2007年12月31日月曜日

備忘:歌曲について

うたの問題。認知の問題として考えること。旋律なり動機なりが存在すること。旋律を分解せずに ひとつの単位として扱うこと。(分割が可能なのはいわゆるフレーズ、動機のレベルまで) 旋律を変奏し、動機を展開すること。変化させ、場所を移し、あるいは組み合わせる。
マーラーの音楽を聴けば、そうした方法がどんなに豊かであるかがわかる。
戦略的にそれを否定することはあってもいいが、だからといって、そうした方法の豊かさは否定できない。
むしろそれが、合理的で強力で、ある程度の一般性があって、わかりやすいから、あえて否定するのだ。
それを利用することに伴う、危険を理由に。

テキストは素材、勿論、選択はある。
だがテキストがよければテキス自体を検討すれば良い。
結局、音楽がすべてだ。テキストのみでも音楽のみでもない。
(テキストの選択が好みに合わない場合を考えよ。)

*

マーラーの歌曲の「場所」。
「子供の魔法の角笛歌曲集」の客観性。眼差しが眺めているその場所はどこか?
「リュッケルト歌曲集」の場所。「ここ」はどこか?

場所の感覚が、はっきりと聴き取れる。
マーラーは、どうしようもなく過去の人だ。
時代も場所も異なる。
けれども、何なら生物としての、といっても良い、マーラーが 感受したクオリアが、そっくり作品の中に封じ込められているように思える。

作品は独自の世界を持つ、と言われるが、それと対比される現実だって、 作品と同じように、ある認識のモードに従って読み取られたものなのだ。
そしてマーラーの場合については、作品の世界と、個体としてのマーラーの 感受のモードの間に、そんなに大きな距離があるとも思えない。

曲を書くこともまた、世界の感受の一様式なのではないか?
少なくともそれは生の営みの一部で、抽象はできない。

ある種の懐かしさ?
かつて自分が訪れたことがある場所を再び訪れる感じ?
つまり、それは自分にとって「他所」なのだ。
マーラーは他者なのだ。

歌曲の良いところは、それが断面を切り出すことができることだ。
横の流れ、小説的な脈絡はここでは省略できる。
勿論、連作歌曲というのがあるが、それは、そうした断片を並べることで、 全体を予感させるようになっている。

「真夜中に」のような歌曲は、その内部に時間の、経験の流れがあるが、 だがそれは、一まとまりのものだ。
横の流れ、小説的な脈絡とは、異なった場所、異なった主体、異なった時間を 結びつけて、多元的な「世界」を組織する仕方なのだ。
つまり、そこには視点の多元性が含意されている。
マーラーの「世界のようでなくてはならない」という理念は、そうした多元性への 志向であって、誇大妄想的なものではない。
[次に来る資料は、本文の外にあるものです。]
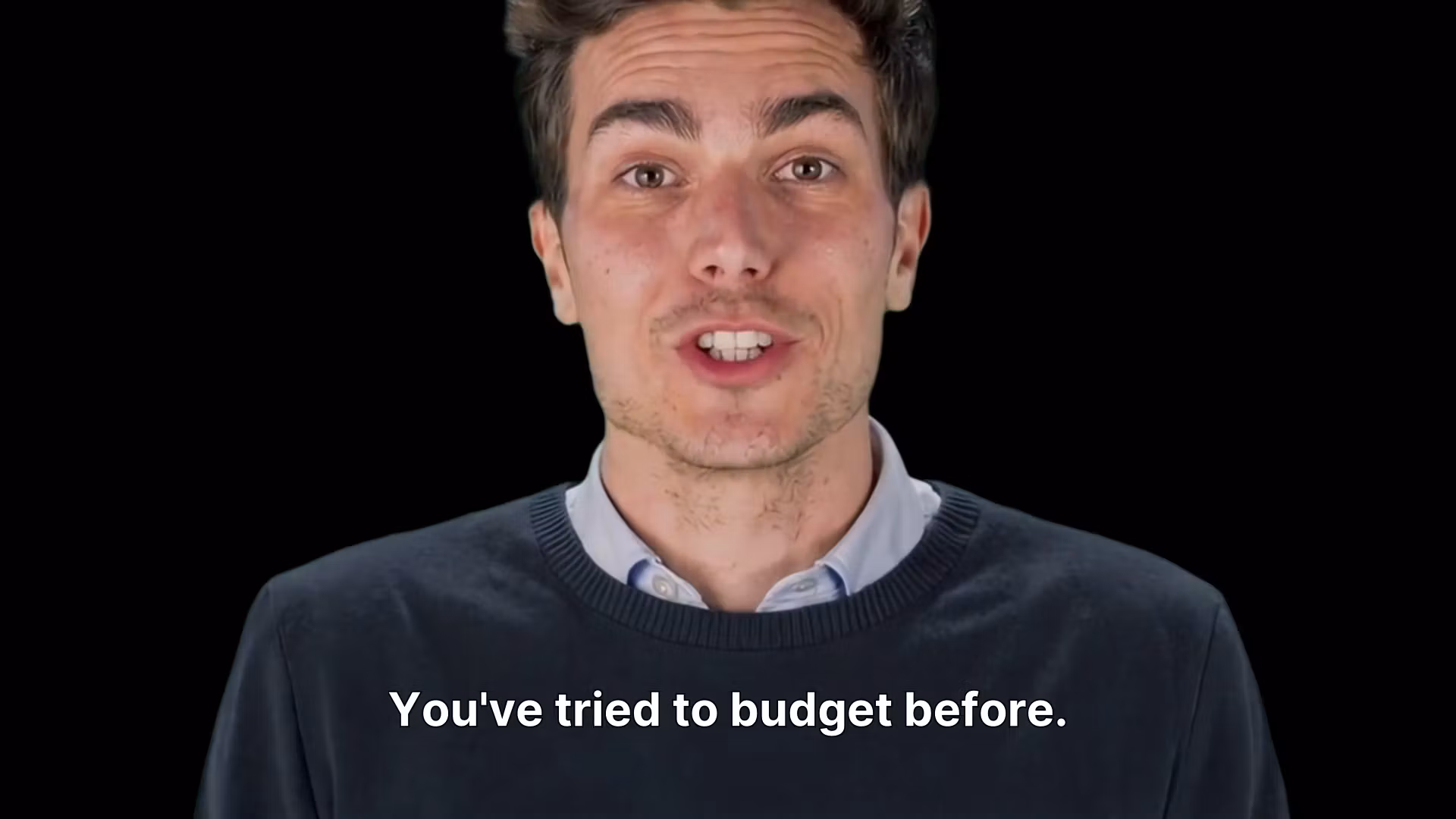 The visibile spending system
多分だからこそ交響曲の中に歌曲が埋め込まれるのは自然なのだ。

マーラーの作品は些かぎこちない仕方で「Xが私に語ること」と表現されたように、 複数の声の交響する時空間を組織することが志向されている。
語るのは私ではない。これは独我論ではない。世界は私の心の、観念の裡に しかないなどどは見做されていない。私には見通せないほど複雑な脈絡が 世界に存在することを、語りかけられている私は感じている。

「Xが私に語ること」という言い回しは、作品についてはほとんど何も 語らないが、世界と「私」の関係の証言にはなっている。